• [AIM OF THE TASK] Copy out the data below from the line containing "Indoor playground equipment" to the line containing "Japanese Harajuku Style", both lines included, with all images left out.

• [INPUT DATA]
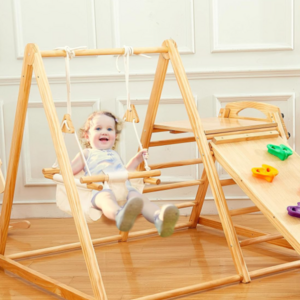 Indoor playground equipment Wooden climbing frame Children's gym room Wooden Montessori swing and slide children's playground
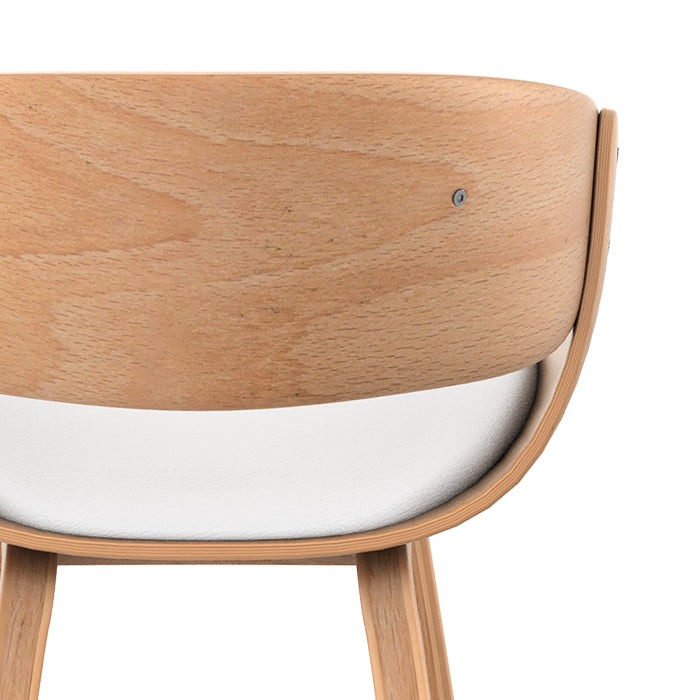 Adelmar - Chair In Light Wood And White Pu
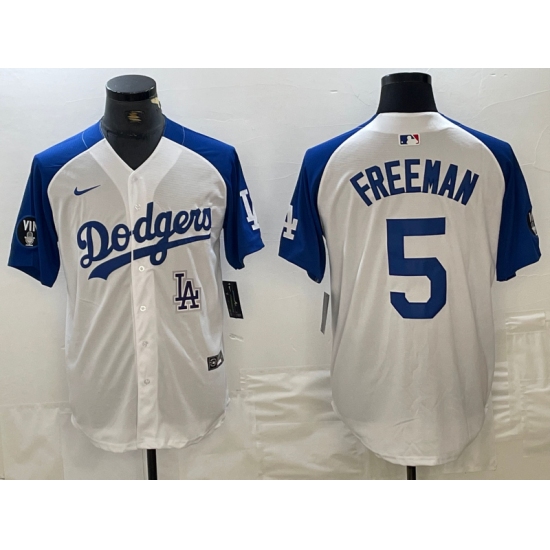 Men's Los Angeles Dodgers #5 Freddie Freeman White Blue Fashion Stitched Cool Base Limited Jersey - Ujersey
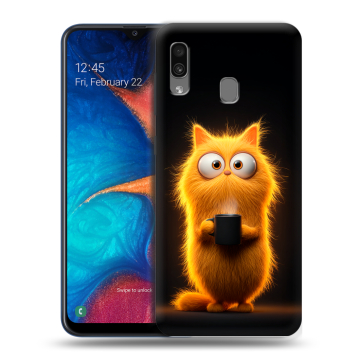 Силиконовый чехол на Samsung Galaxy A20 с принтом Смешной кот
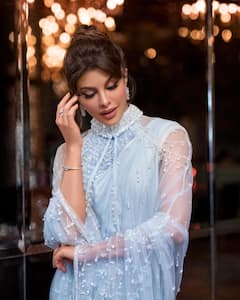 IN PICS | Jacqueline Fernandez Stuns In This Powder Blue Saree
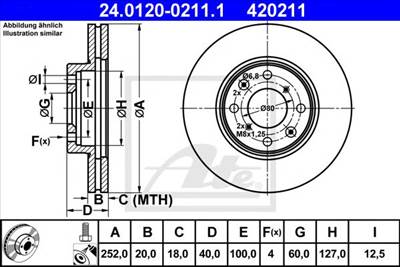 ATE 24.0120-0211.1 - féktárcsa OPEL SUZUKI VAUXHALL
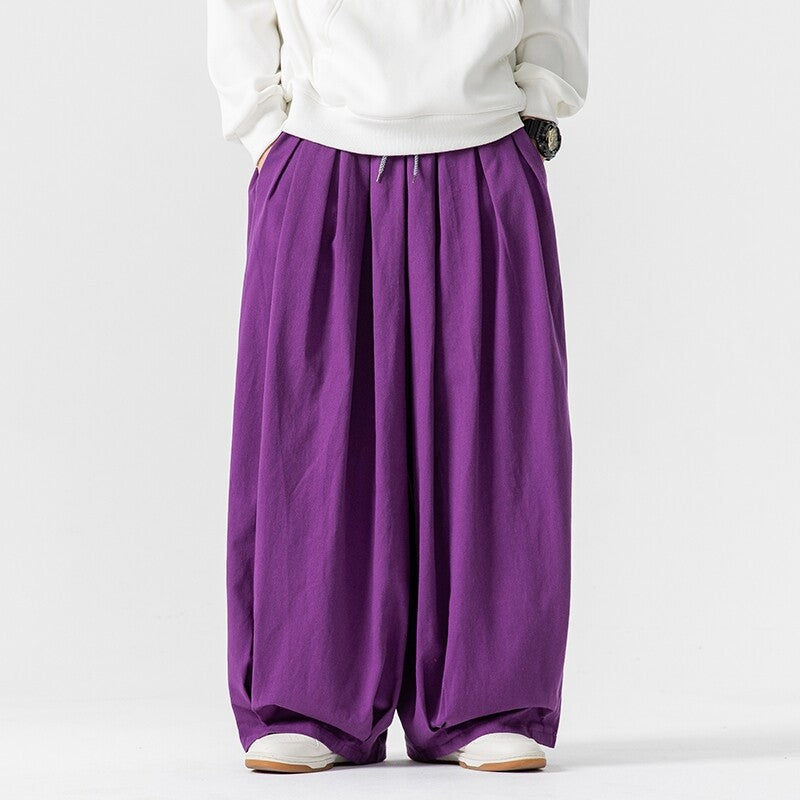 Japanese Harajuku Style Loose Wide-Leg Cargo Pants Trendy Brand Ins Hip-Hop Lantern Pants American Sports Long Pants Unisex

--

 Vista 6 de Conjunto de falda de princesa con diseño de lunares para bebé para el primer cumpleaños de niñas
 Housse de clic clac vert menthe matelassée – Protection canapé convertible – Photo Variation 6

...

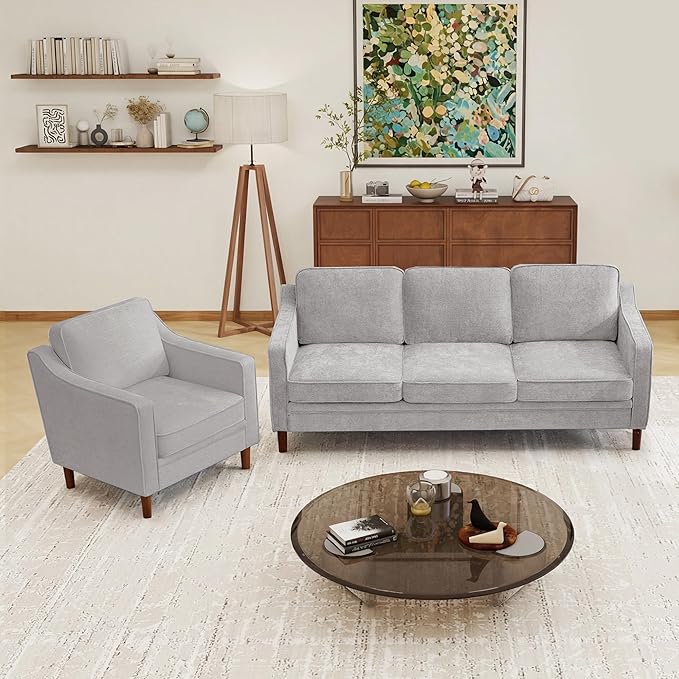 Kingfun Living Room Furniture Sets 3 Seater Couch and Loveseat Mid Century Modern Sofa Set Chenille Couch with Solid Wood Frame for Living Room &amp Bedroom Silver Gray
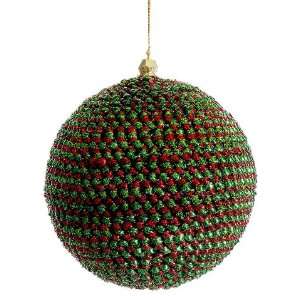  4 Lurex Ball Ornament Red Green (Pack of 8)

• [EXERCISE OUTPUT]
 Indoor playground equipment Wooden climbing frame Children's gym room Wooden Montessori swing and slide children's playground
 Adelmar - Chair In Light Wood And White Pu
 Men's Los Angeles Dodgers #5 Freddie Freeman White Blue Fashion Stitched Cool Base Limited Jersey - Ujersey
 Силиконовый чехол на Samsung Galaxy A20 с принтом Смешной кот
 IN PICS | Jacqueline Fernandez Stuns In This Powder Blue Saree
 ATE 24.0120-0211.1 - féktárcsa OPEL SUZUKI VAUXHALL
 Japanese Harajuku Style Loose Wide-Leg Cargo Pants Trendy Brand Ins Hip-Hop Lantern Pants American Sports Long Pants Unisex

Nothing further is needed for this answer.